Publishing and Consuming Geo-Spatial and Government Data on the Semantic Web

Over the past few years, the domain of Open Data has received an increasing attention from public administrations. Potential benefits for citizens include more transparency in the decision making, a better governance and a virtuous development of a digital eco-system that would create added-value apps when processing and analyzing open data. However, opening up and publishing data is not enough to create this data value chain due to a number of challenges such as the heterogeneity of formats (XML, CSV, Excel, PDF, Shape Files), the variety of access methods (API, database, dump) and the lack of nomenclature that would enable to better re-use and interconnect datasets. In this thesis, we explore how semantic web technologies can be used to tackle the research problems related to the integration and consumption of geo-spatial data.
This thesis applies the Linked Data principles in the domain of geographic information (a key domain for open government). In particular, we address three key challenging problems in the publishing workflow of geospatial open data publication and consumption, with real world use cases from the the French National mapping agency (IGN): (1) How to efficiently represent and store geospatial data on the Web to ensure interoperable applications? (2) What are the best options for a user to interact with semantic content using visualizations? (3) What are the mechanisms that support preserving structured data of a high quality on the Web?

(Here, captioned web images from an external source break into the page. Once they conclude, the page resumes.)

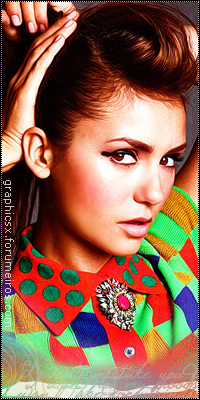 Nina Dobrev Semttulo7_zps8252a8b6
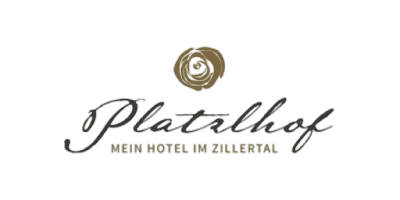 Hotel Platzlhof im Zillertal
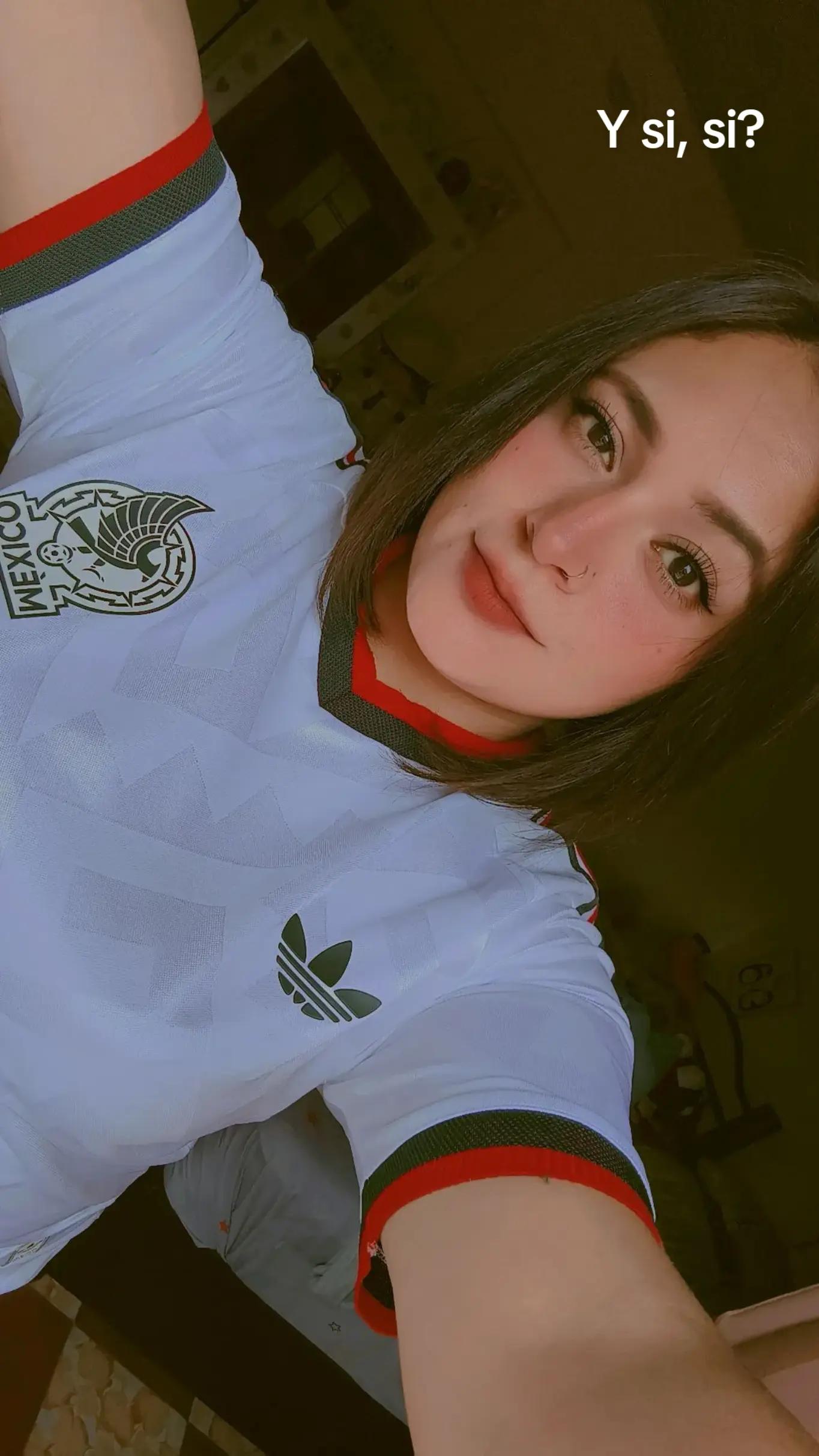 @❤️🩹✨💋Jimena Reyes🫀✨🔥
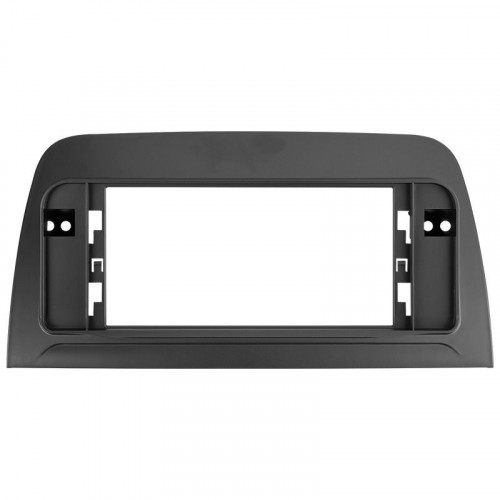 Переходная рамка Mazda CX-5 (2012-2015) Тип-B (12,3")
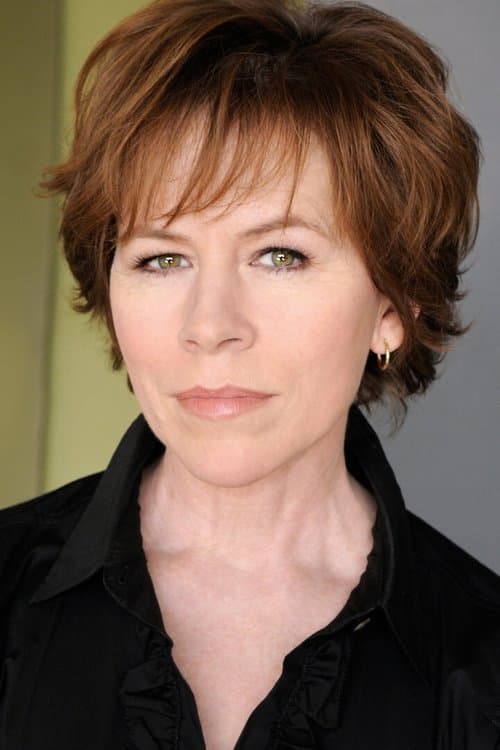Photo of McNally Sagal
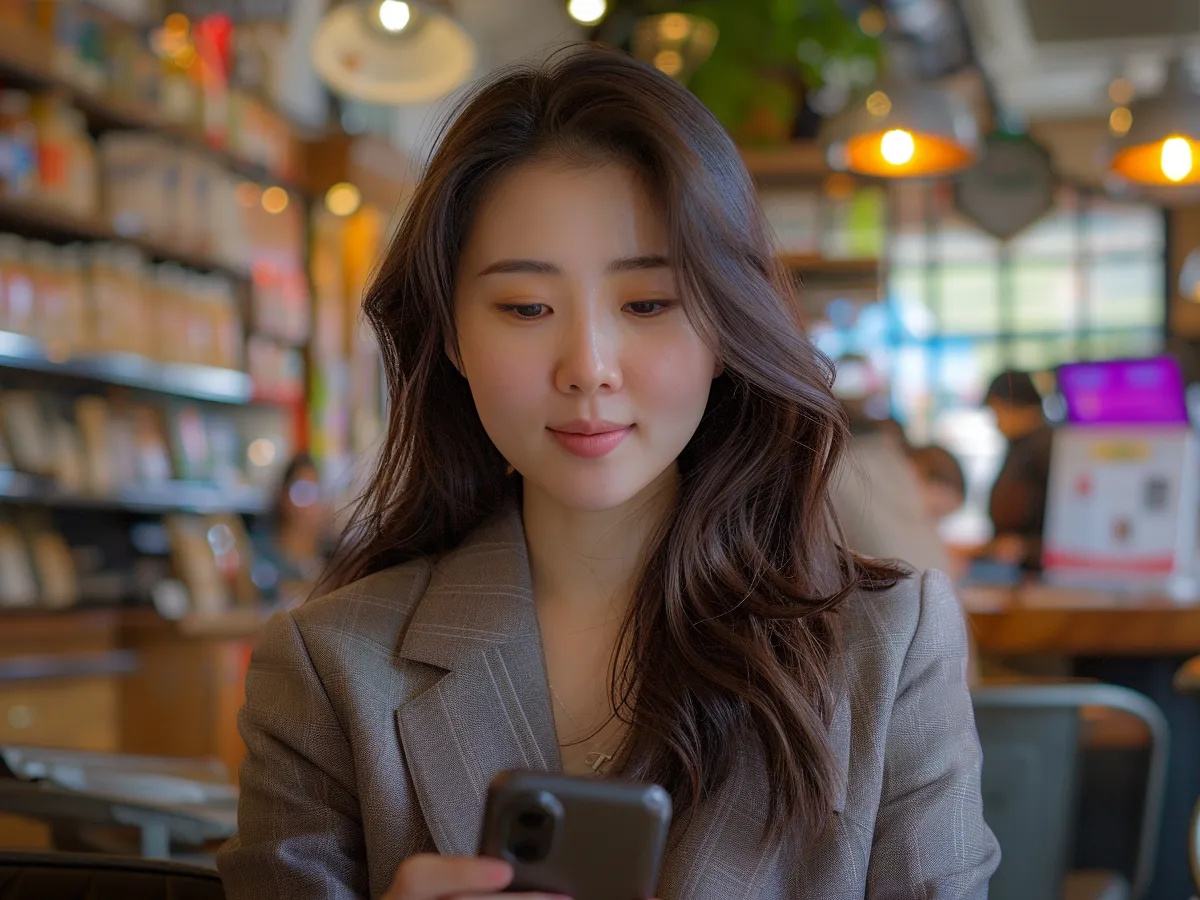 Transformasi Pembayaran Digital di Indonesia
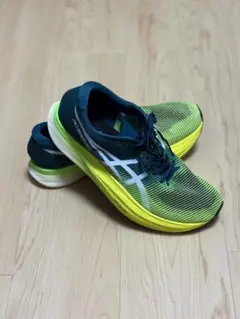 asics(アシックス) METASPEED SKY＋ 27.5cm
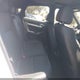 19UDE4H64SA001928 2025 Acura Integra A-Spec Technology auction photo thumbnail 8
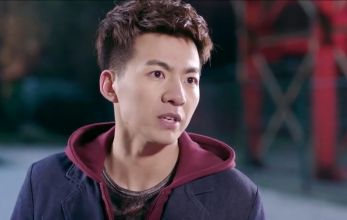 Лакорн Сильнейшие 31 серия 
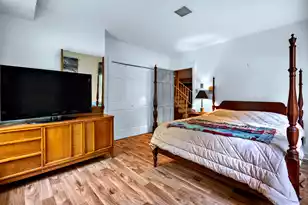 2221 Deadfall Rd W, Greenwood, SC 29649 - Photo 54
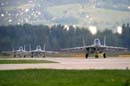 aw-04-siad-mig29-01-mt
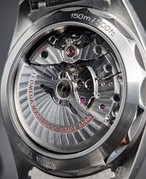 PXL 20260227 040226812 PORTRAIT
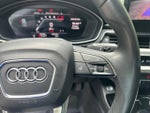 2025 A5 Sportback Thumbnail 20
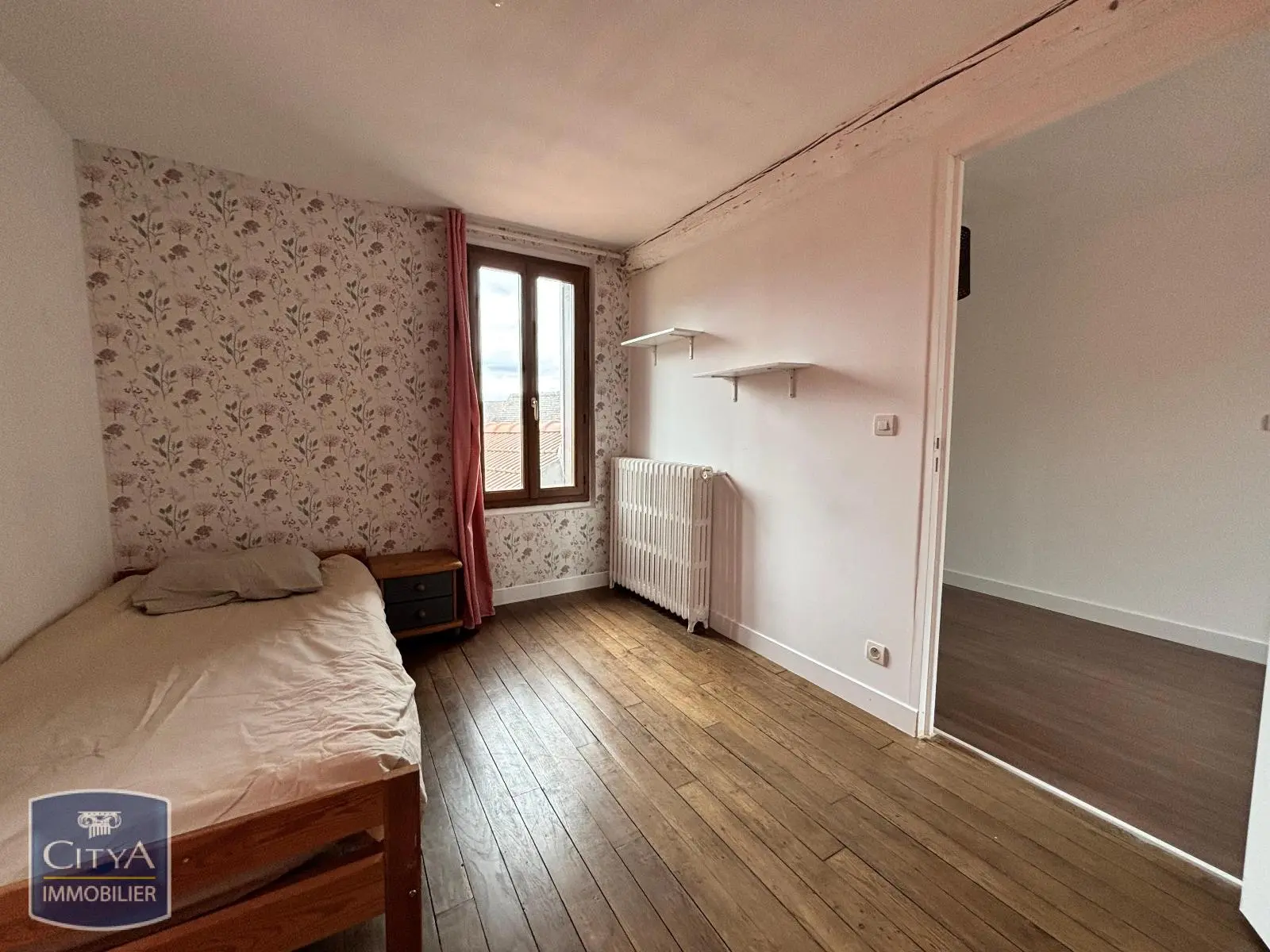 Photo 14 Maison 3 pièces 86.9m²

Our contributions are thus break down into three parts with applications in the geographical domain. We propose and model three vocabularies for representing coordinate reference systems (CRS), topographic entities and their geometries. These ontologies extend existing vocabularies and add two additional advantages: an explicit use of CRS identified by URIs for geometry, and the ability to describe structured geometries in RDF. We have contributed to the development of the Datalift platform that aims to support lay users in the process of "lifting" raw data into RDF. We have published the French authoritative database GEOFLA using this tool and we provide a systematic evaluation of the performances of the most used endpoints when dealing with spatial queries. 
Regarding the consumption of linked data, after reviewing different categories of visualization (generic and Linked Data specific), we propose a vocabulary for Describing VIsualization Applications (DVIA). We formalize and implement a novel workflow for visualizing datasets with the LDVizWiz tool: a Linked Data Visualization Wizard. 
The last part of the thesis describes contributions to the Linked Open Vocabularies (LOV) catalogue: it shows how LOV can be used with an ontology modeling methodology (e.g. the NeOn methodology) to improve reuse of vocabularies. We propose an heuristic to align vocabularies and a ranking of vocabularies based on information content (IC) metrics. Finally, the thesis provides answers on how to check the license compatibility between vocabularies and datasets in the publication workflow. Through this thesis, we demonstrate the benefits of using semantic technologies and W3C standards to improve the discovery, interlinking and visualization of geo-spatial government data for their publication on the Web.